La révolution de 1868, aussi connue en Espagne comme La Gloriosa (la Glorieuse) ou La septembrina (la Septembrienne). Ce soulèvement de septembre 1868 détrôna la reine Isabel II Les six années qui suivirent cette révolution sont nommées Sexenio Democrático(les six ans démocratiques). Exilée en France, Isabelle II n’abdique qu’en 1870 . Le prince Amédée De savoie, duc d’Aoste, fils cadet du roi Victor-Emmanuel II d’Italie, est choisi pour lui succéder mais il abdique dès 1873, après 27 mois de règne.
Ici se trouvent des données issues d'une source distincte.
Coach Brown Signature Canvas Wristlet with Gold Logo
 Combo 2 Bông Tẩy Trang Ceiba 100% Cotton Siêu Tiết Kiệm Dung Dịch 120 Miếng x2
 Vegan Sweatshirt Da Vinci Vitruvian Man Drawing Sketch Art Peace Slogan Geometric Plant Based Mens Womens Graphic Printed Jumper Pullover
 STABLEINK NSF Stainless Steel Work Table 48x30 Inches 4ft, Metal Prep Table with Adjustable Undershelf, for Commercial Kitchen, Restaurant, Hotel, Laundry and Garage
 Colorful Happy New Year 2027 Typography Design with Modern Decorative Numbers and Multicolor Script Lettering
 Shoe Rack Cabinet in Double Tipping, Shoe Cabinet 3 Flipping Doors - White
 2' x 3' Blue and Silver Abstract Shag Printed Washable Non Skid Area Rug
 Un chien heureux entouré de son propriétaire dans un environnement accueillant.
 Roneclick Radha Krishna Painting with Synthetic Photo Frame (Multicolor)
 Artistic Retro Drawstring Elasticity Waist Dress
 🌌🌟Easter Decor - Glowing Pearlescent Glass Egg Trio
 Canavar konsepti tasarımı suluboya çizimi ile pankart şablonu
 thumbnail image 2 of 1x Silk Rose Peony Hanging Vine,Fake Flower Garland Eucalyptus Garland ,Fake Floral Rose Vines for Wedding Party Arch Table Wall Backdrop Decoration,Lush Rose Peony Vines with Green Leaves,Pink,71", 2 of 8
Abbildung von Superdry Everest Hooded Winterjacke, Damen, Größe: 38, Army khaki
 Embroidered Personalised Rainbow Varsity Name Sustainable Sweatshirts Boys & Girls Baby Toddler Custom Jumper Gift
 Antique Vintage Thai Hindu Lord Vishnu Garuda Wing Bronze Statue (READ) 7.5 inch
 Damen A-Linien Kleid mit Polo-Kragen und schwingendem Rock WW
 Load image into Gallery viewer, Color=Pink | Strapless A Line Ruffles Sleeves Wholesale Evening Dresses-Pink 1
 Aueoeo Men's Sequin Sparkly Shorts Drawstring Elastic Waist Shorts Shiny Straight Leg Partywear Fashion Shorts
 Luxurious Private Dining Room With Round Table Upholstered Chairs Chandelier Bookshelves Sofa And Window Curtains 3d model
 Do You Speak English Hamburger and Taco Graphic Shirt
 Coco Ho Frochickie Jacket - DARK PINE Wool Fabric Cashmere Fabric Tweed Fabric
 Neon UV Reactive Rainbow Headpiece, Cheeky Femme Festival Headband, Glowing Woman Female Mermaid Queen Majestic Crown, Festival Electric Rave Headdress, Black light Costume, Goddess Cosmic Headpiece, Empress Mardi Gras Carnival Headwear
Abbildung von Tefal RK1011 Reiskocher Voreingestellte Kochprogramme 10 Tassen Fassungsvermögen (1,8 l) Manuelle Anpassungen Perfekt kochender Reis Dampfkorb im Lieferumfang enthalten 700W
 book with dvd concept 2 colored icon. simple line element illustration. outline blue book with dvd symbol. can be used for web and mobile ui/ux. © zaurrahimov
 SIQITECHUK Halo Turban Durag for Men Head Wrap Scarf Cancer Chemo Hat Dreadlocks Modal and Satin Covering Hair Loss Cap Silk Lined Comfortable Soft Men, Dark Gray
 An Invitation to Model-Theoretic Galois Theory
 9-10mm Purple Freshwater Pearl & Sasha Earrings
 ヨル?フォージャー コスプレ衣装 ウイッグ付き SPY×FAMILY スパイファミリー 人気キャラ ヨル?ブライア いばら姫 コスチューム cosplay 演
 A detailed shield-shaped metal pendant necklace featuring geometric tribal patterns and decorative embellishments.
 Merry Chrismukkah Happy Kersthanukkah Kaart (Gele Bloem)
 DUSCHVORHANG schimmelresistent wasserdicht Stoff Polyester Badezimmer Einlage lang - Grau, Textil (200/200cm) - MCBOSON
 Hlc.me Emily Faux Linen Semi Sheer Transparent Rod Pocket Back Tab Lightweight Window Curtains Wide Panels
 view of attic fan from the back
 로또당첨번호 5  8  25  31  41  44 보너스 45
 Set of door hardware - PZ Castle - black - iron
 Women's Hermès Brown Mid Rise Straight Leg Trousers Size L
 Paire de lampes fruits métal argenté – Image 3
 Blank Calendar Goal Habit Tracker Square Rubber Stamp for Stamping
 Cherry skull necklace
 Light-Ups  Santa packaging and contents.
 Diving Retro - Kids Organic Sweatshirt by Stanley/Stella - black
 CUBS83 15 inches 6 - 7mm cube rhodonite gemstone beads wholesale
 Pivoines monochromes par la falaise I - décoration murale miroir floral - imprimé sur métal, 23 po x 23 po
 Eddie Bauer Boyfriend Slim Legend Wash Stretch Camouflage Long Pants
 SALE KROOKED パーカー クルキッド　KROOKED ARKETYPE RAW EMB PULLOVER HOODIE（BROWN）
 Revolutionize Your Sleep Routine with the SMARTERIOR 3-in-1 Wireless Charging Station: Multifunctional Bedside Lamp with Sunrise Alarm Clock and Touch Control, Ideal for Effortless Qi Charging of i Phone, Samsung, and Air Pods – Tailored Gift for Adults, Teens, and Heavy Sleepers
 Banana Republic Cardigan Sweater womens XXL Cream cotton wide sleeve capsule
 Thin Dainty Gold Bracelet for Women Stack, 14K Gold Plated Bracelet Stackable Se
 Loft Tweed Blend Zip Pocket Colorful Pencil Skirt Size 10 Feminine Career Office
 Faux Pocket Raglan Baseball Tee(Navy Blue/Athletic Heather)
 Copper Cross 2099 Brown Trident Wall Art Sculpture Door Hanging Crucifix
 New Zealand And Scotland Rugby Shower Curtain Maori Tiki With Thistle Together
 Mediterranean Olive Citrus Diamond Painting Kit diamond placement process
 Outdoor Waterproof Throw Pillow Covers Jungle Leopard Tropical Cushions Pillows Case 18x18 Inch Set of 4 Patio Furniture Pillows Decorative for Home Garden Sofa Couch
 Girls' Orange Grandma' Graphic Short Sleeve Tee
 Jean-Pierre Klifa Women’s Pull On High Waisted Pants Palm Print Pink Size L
Devant la situation inextricable, la République est proclamée le 11 février 1873.

La période fédérale (1873)

La république nait sans un réel soutien social ni politique. Les classes populaires commencent à s’organiser dans les mouvements des travailleurs. Les tenants du pouvoir : l’église, l’armée, les propriétaires fonciers, les banquiers et les grands hommes d’affaires, sont opposés à république et ses idéaux sociaux avancés.

Deux courants s’opposent au sein de la République : les partisans d’une Espagne unifiée et les partisans d’une Espagne fédérée.

Estanislao Figueras est le premier président mais après la victoire républicaine aux élections, la majorité fédéraliste met au pouvoir Francesc Pi i Margall, chef du fédéralisme, théoricien républicain, dont les principes s’expriment dans le projet de la Constitution fédérale de 1873, qui servira de modèle dans toute l’Europe. Il établit la séparation entre église et état et un modèle de fédérations de 15 (ou 17 avec Cuba et Puerto Rico) régions fédérales.

Elles sont: Andalousie Alta, Andalousie faible, Aragon, Asturias, Baléares, Canaries, Castille la Vieille, Castille la nouvelle, Catalogne, Estrémadure, Galice, Murcia, Navarra, Valencia, Pays basque. Plus tard, intégration des possessions hors péninsule.

Mais l’Espagne est dans un état de conflits sociaux et politiques perpétuels. Les tensions sociales se manifestent sous la forme de grèves des travailleurs agricoles et occupations des terres. Et se développe le phénomène de « cantonalismo » : de nombreux cantons sont formés (y compris à l’intérieur des villes) et s’opposent non seulement au gouvernement central mais également entre eux.

Le climat est insurrectionnel, instable. Un coup d’État est organisé par les monarchistes et la bourgeoisie industrielle et financière. Le 3 Janvier 1874, le général Manuel Pavía, Capitaine Général de Madrid, met fin à cette tentative démocratique. Un gouvernement provisoire, dirigé par le général Francisco Serrano, s’installe jusqu’au 28 décembre 1874, les Cortes sont dissoutes. Les Bourbons reprennent leur place en janvier 1875, avec le règne d’Alphonse XII, au sein d’une monarchie constitutionnelle.